我回答说别感谢我了,如果不是他那惊人的佛门神通和佛珠法器将两条蚂蝗精打得一死一伤,事情也不会这么顺利。否则,我们俩可能就栽了。
队长迟并未继续多言,反而带着一丝神秘对我微笑:“年轻人,你很有潜力。愿意加入我们队伍,跟随我一起工作吗?”
我内心有些动摇,但外表依旧保持冷静:“怎么?是想让我做你的助手吗?”
他轻笑:“当然不是,像你这样的奇才,将来必是道门的领袖。我怎会让你屈居人下?只是,要行正义之事,总得有个名分。名义上跟随我罢了。”

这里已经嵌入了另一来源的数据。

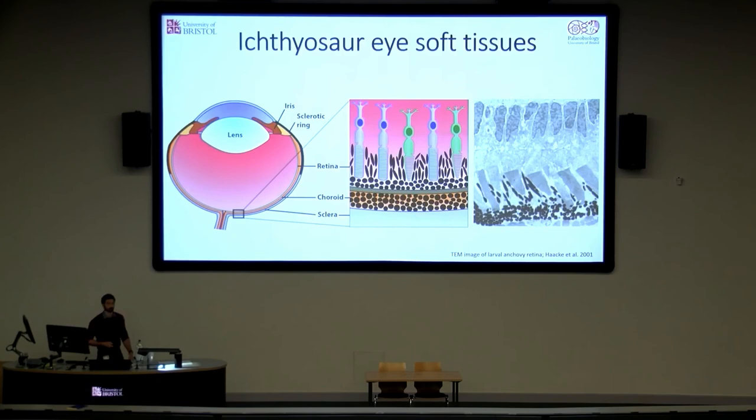In conclusion, we investigated a number of exceptional ichthyosaur specimens from several UK localities to look at soft tissue preservation. We found a complex architecture of dermal fibres with consistent morphology and mode of preservation, most likely representing the dermis. We have pigmented or organic tissues deriving from different original tissues, including those of the eye, and countershading appears to be a common colour pattern in these Jurassic ichthyosaurs. Overall, it highlights how both the retention of melanin and the phosphatisation of specific features can reveal a high level of detail about the soft tissue anatomy of these iconic marine reptiles. Thank you all for coming and listening — I'm happy to take any questions.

尽管明白他在说笑,但年轻人总有些虚荣心。他那句“道门领袖”确实让我感到愉悦。然而,考虑到我目前的身份,我感到犹豫。
他似乎看穿了我的心思,环顾四周确认无人后,低声对我说:“我明白你在担心身份问题。放心,我不会八卦,也不想知道你是谁,你在玄门道教界的身份。只要能为民众做事,而且,我有办法确保除了我和老邢,没人知道你的身份。”
这次,他的话让我心动了,我脱口而出:“怎么做?”
他轻笑,吐出四个字:“人皮面具。”
坐在警车里,和这个外表如熊内心如狐的家伙一起驶向上海市区时,我仍感到有些不真实。
一是没想到邢法医制作人皮面具的技术如此高超。戴上它,看着镜中那个至少二十五岁、面容粗犷的男子,我简直不敢相信那就是我。
二是因为我没有向小笛告别,只是告诉了沈老,就悄悄离开了。不知将来若有机会再见,该如何向小笛解释。